At the age of 35, I was hired as the Executive Director of a nonprofit organization. It was the realization of one of my highest professional goals, and it quickly taught me that I needed to strengthen my emotional intelligence to be an effective leader.
I began a journey that started with becoming aware of how I showed up with people. I’m an extrovert and thrive on engaging with the world around me. I’m also energetic and exude a “youthful energy” when I enter a room. As the newly appointed leader, I discovered those traits sometimes meant I came across as intense, immature, and overbearing. I had never been in a position to look at myself as others see me, and it was enlightening.
I stumbled onto a Daniel Goleman article about emotional intelligence. He suggested this innate intelligence was categorized into four domains: self-awareness, self-management, social awareness, and social skill. I was immediately hooked and started learning about me.
In coaching leaders, I often start with emotional intelligence. I use my own experience to help leaders see for themselves that this kind of growth is within reach. It demystifies the process of self-mastery and social awareness.
I decided I had to understand myself better. I started by finding tools to help me dissect the person I’d known all my life. My favorite was the Values in Action Survey of Character Strengths. It helped me frame traits in affirming statements and helped me see as strengths some things I had viewed as flaws. I had a new appreciation for self-awareness.
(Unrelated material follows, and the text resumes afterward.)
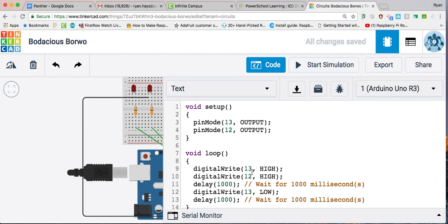The problem with this is we want these to blink oppositely. So right now, they would be high, high, and then low, and low if I repeat this command. I want them to do different things. So now I'm going to make this one actually low right here.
Then I reviewed the elements of self-management to determine where I should focus my efforts to improve. I saw exactly what I needed to tackle: adaptability. My Meyers-Briggs Type is ENTJ, so I’m a big fan of order and routine. I also have a keen focus on the goal, whatever task I’m pursuing. That sounds great until something comes along that disrupts or re-routes me. I’ve improved in this area, and find that the more I’m open to changes, the happier I am with the experience as a whole.
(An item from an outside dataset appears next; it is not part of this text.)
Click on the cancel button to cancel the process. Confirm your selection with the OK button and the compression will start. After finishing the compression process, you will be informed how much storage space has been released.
The third domain, social awareness, is where I am most comfortable. When I’m in a position to meet the needs of the people around me, I’m happiest. I noticed that observing what happened around me – how people interacted, who helped influence decision making, and what responses people had to my appreciation of their work – allowed me to navigate workplace relationships more easily. I had an innate talent for active involvement, but observation, followed by integrating what I saw gave me an edge.
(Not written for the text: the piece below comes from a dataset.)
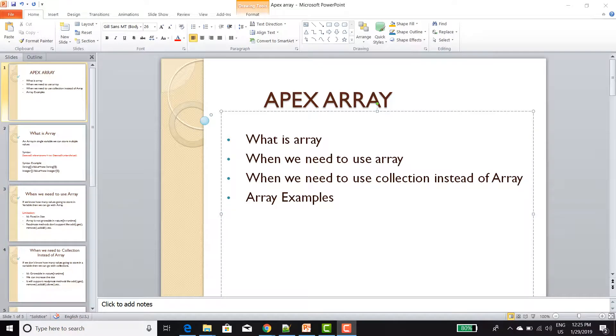Hi guys, in this video we are going to discuss about Apex Array — what is Array and how we can declare and use Array in Apex. First we will see what is Array.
The last and, I think, most important domain for leaders is social skill. It’s the realm of nuanced communication that influences and inspires without demanding. It’s the capacity to listen for resolution during conflict to swiftly resolve the issue without escalating it. And it’s nurturing relationships that allow people to flourish while cultivating new ones for the future. Those who have these skills innately are natural leaders. The rest of us have to work at it!
The intelligence of leadership goes far beyond the realms of intellectual or emotional intelligence. But in my practice, emotional intelligence is the place where my clients see the greatest returns on our work together.